Cameron has performed a political conjuring trick of some brilliance in diverting voters' wrath from the gamblers of high finance to public servants' excess. By persuading people it was public spending not the bankers' crash that wrecked the economy, he has won the narrative so far – no mean feat. The question now is whether his undoubted political talents can carry him through the hurricanes that will follow October's spending review. So far, he has convinced the public that the deficit is the overwhelming priority, and cuts are necessary – and mainly Labour's fault for overspending. But coalition approval is falling before the real cuts have struck.

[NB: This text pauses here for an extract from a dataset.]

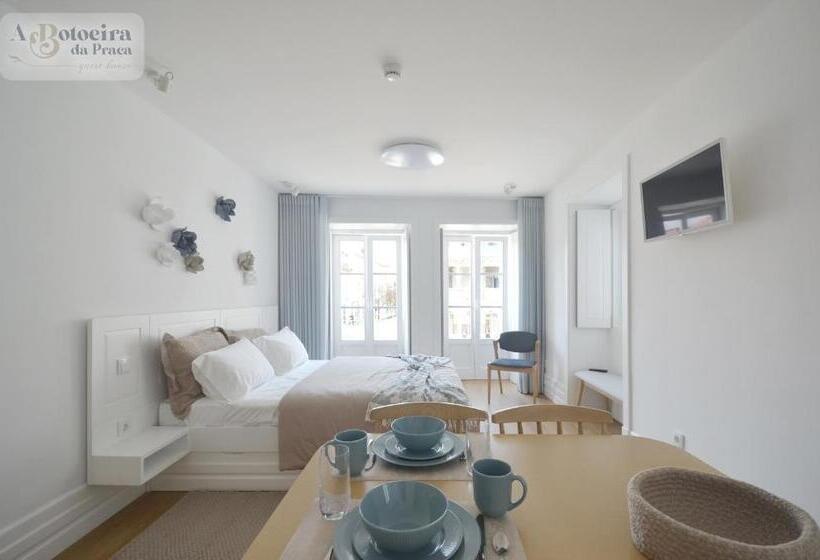 استودیوی سوپریور, A Botoeira Da Praça Guest House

The prime minister remains something of an enigma. Is he steely enough? One Nation, "We're all in this together" is the persona he plainly enjoys. Unlike Thatcher, he likes to be liked. He couldn't even bear to snatch milk from infants' mouths, or the pricey bus passes from wealthier old folk.

But having spelled out the numbers, he will have to do far worse. Take this week's improbable example: cutting £2bn from the £9bn Ministry of Justice budget is equivalent to abolishing all prisons or all law courts. Possible, or perhaps not after all? Expect the confusion over cuts in Building Schools for the Future to be multiplied over and over in the coming year. The new Labour leader has miles of lost ground to make up, with difficult questions to answer convincingly – starting with "What would you do?". But opposition has rarely looked easier.